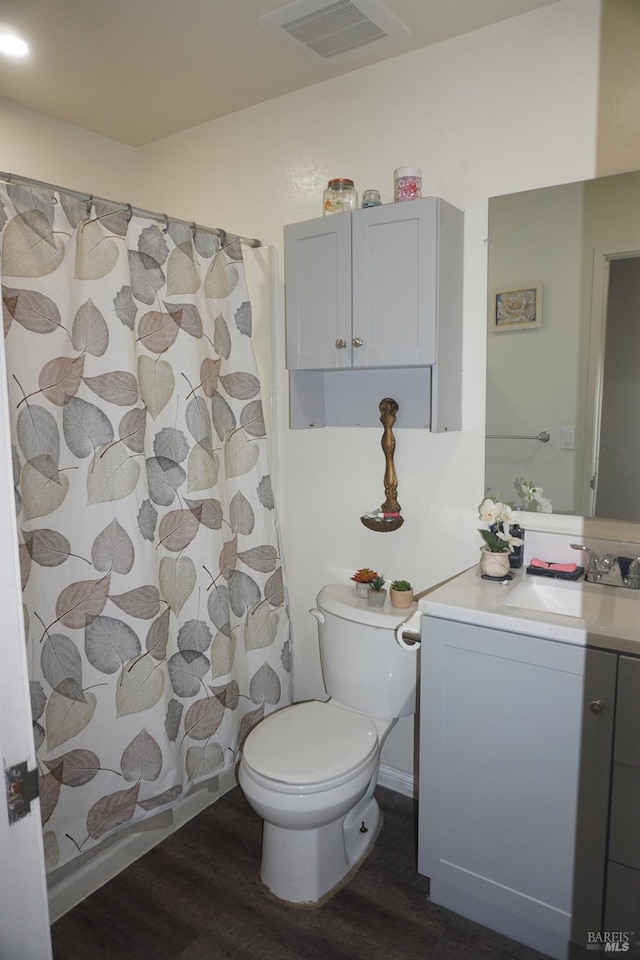 bathroom with vanity, toilet, wood-type flooring, and a shower with curtain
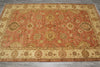 Load image into Gallery viewer, Decorative red and beige patterned rug on a wooden floor
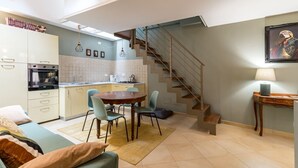Un espacio habitable compacto con kitchenette, comedor y una escalera.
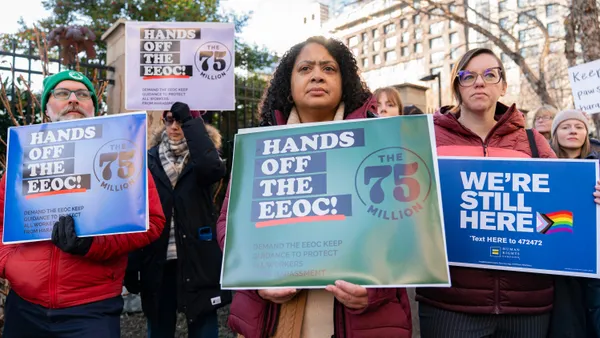 A group of people stand outdoors holding protest signs that read “Hands Off the EEOC” and “We’re Still Here,” with one sign featuring a rainbow-colored arrow, as buildings and trees appear in the background."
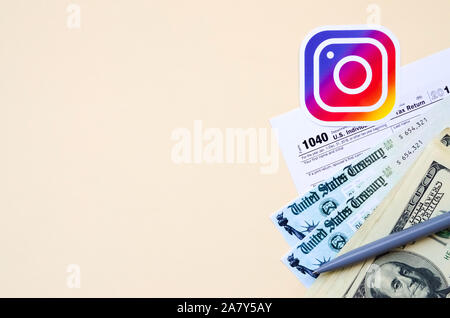 KHARKOV, Ucraina - 3 ottobre 2019: Instagram logo stampato si trova con 1040 singoli redditi modulo con assegno di rimborso e centinaia di fatture del dollaro Foto Stock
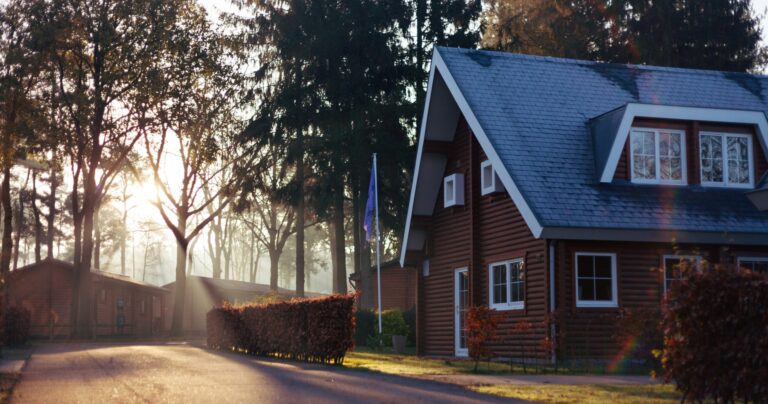 A home at dusk seen from the street.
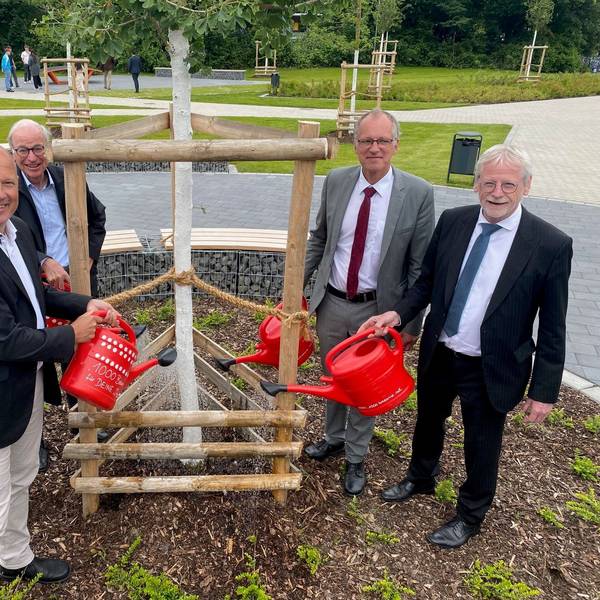 Zu sehen sind die für den Umbau Verantwortlichen beim Gießen eines der neu gepflanzten Bäume.
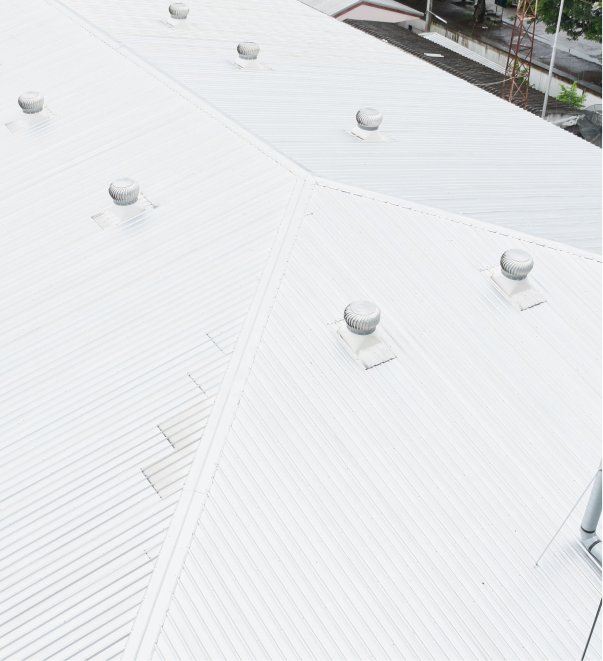 White commercial building roof with metal ventilation turbines and corrugated surface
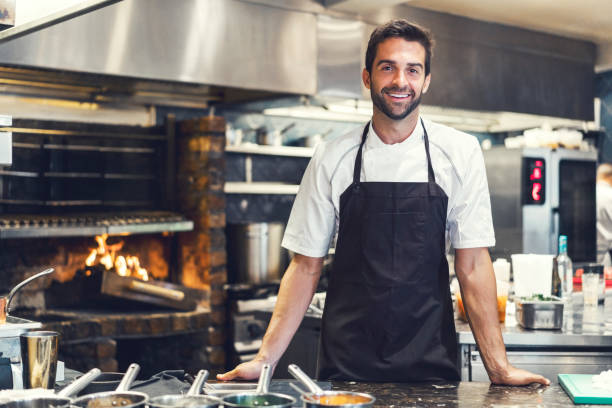Confident male chef in commercial kitchen Portrait of smiling mid adult chef in commercial kitchen. Confident male cook is standing at counter. He is working in restaurant. three quarter length photos stock pictures, royalty-free photos & images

|---|

Give back each line above exactly, with pictures dropped.

 bathroom with vanity, toilet, wood-type flooring, and a shower with curtain
 Load image into Gallery viewer, Decorative red and beige patterned rug on a wooden floor
Un espacio habitable compacto con kitchenette, comedor y una escalera.
 A group of people stand outdoors holding protest signs that read “Hands Off the EEOC” and “We’re Still Here,” with one sign featuring a rainbow-colored arrow, as buildings and trees appear in the background."
 KHARKOV, Ucraina - 3 ottobre 2019: Instagram logo stampato si trova con 1040 singoli redditi modulo con assegno di rimborso e centinaia di fatture del dollaro Foto Stock
 A home at dusk seen from the street.
 Zu sehen sind die für den Umbau Verantwortlichen beim Gießen eines der neu gepflanzten Bäume.
 White commercial building roof with metal ventilation turbines and corrugated surface
Confident male chef in commercial kitchen Portrait of smiling mid adult chef in commercial kitchen. Confident male cook is standing at counter. He is working in restaurant. three quarter length photos stock pictures, royalty-free photos & images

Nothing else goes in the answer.